* [Work to complete] Beginning at the line that contains "Котедж, Криворівня, під готель, поруч річка", reproduce the entries below exactly, ending with the line that contains "Uçurtma şenliğinde küçük". Omit each picture.

* [Given data]
--- START ---

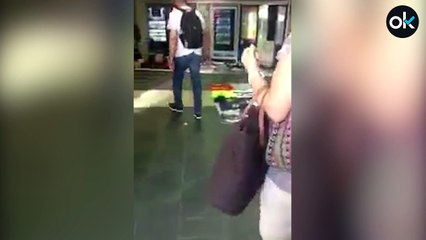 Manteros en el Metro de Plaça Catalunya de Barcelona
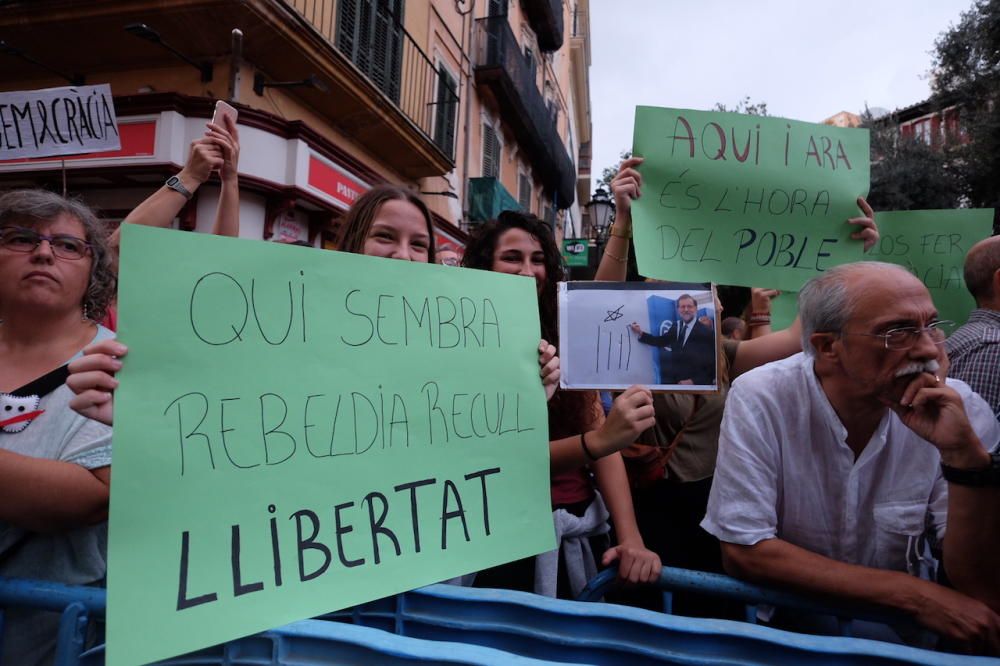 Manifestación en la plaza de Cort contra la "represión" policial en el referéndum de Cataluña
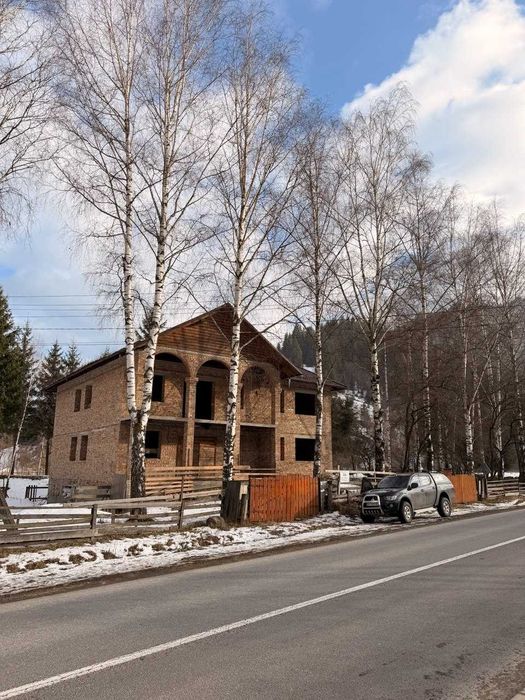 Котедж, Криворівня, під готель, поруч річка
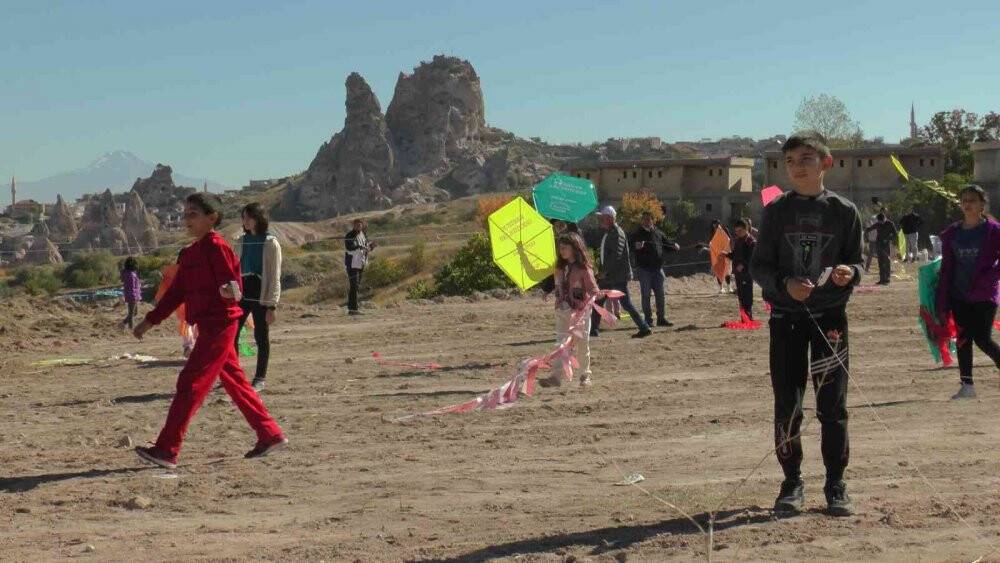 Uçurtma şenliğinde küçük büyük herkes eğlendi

--- END ---
--- START ---

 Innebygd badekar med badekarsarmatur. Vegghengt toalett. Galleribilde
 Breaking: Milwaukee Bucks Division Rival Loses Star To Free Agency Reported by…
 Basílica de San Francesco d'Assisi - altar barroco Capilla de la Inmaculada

--- END ---
--- START ---

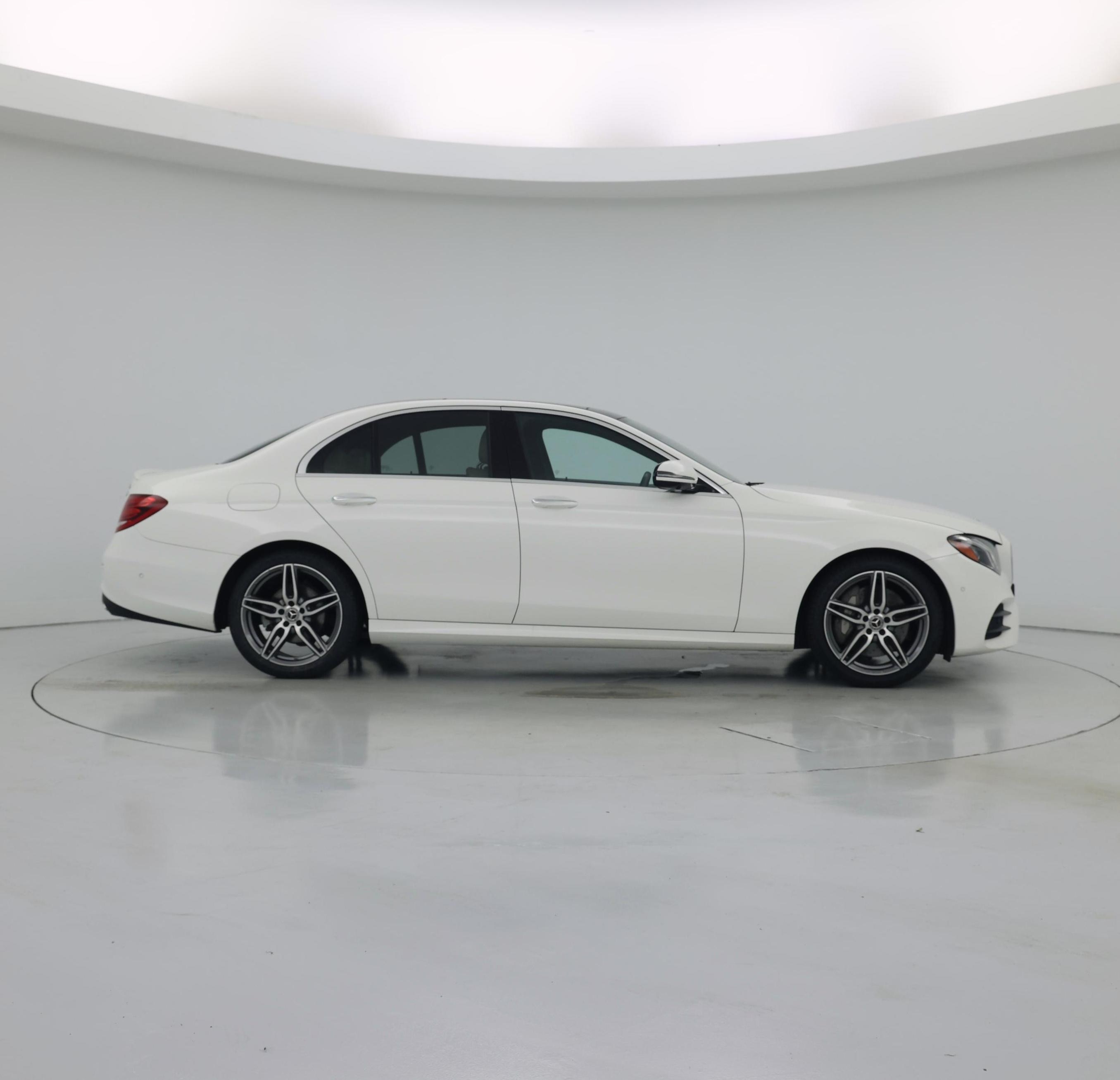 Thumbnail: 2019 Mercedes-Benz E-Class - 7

--- END ---

* [Response to this exercise]
 Котедж, Криворівня, під готель, поруч річка
 Uçurtma şenliğinde küçük büyük herkes eğlendi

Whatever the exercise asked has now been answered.